Ce que vous avez fait aux plus petits

Homélie des obsèques du frère Jean-Max Hugues Homélie du fr Jean-Pierre-Arfeuil au couvent de Toulouse Ap 11, 4-12 ; Lc 20,27-40


Chers frères et sœurs,
Au cœur de cette eucharistie nous faisons mémoire de notre frère Jean-Max Hugues, Vicaire provincial de notre Vicariat d’Haïti.
Heureuse coïncidence providentielle, la liturgie de ce jour nous oriente vers le témoignage. D’abord, nous fêtons Ste Cécile, dont, par delà les légendes, nous savons qu’elle a témoigné de sa foi au Christ jusqu’à la mort dans le martyre.
La lecture de l’Apocalypse (Ap 11,4-12) évoque la figure mystérieuse de ces deux témoins qui, leur témoignage achevé, sontt vaincus par la puissance mortifère de la Bête, mais re-suscités par l’Esprit de vie et appelés au ciel. L’Evangile (Lc 20,27-40) enfin évoque le témoignage de Moïse : le Dieu d’Abraham, d’Isaac et de Jacob, n’est pas le Dieu des morts, mais des vivants.
En 1960, c’est -si j’ose dire- par une  heureuse erreur que Jean-Max est rentré dans l’Ordre, dans notre province, pensant qu’elle poursuivait encore sa mission au Brésil.

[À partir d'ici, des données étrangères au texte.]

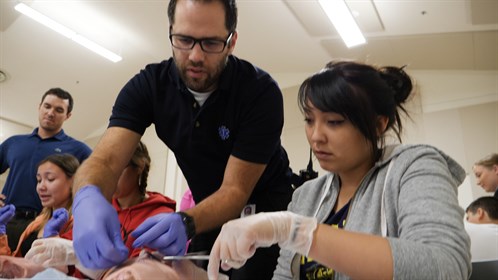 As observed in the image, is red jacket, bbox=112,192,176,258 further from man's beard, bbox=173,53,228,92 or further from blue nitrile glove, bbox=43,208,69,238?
man's beard, bbox=173,53,228,92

Cette vocation à la mission en terres lointaines, il l’a vécue pendant 24 ans au Pérou, puis après un séjour de quelques années à Montpellier où il a été prieur, en Haïti depuis 10 ans.
C’est là-bas que j’ai eu la joie de mieux le connaître.
Je sais bien qu’il avait quelques défauts, un caractère pas toujours facile et une grande réserve dans les échanges fraternels, mais je peux dire de lui, en toute vérité et avec une immense admiration, ce que d’aucuns disaient de S. Dominique : j’ai  eu le privilège de rencontrer en lui un homme véritablement évangélique dans son zèle pour la mission, sa générosité apostolique sans limites, la pauvreté de sa vie, acceptant tout naturellement les conditions de vie et de travail les plus précaires et les plus austères. Jusqu’au bout, à l’extrême limite de ses forces, il « donné sa vie pour la mission » pour reprendre le titre d’une lettre du Maître de l’Ordre, le fr. Timothy Radcliffe.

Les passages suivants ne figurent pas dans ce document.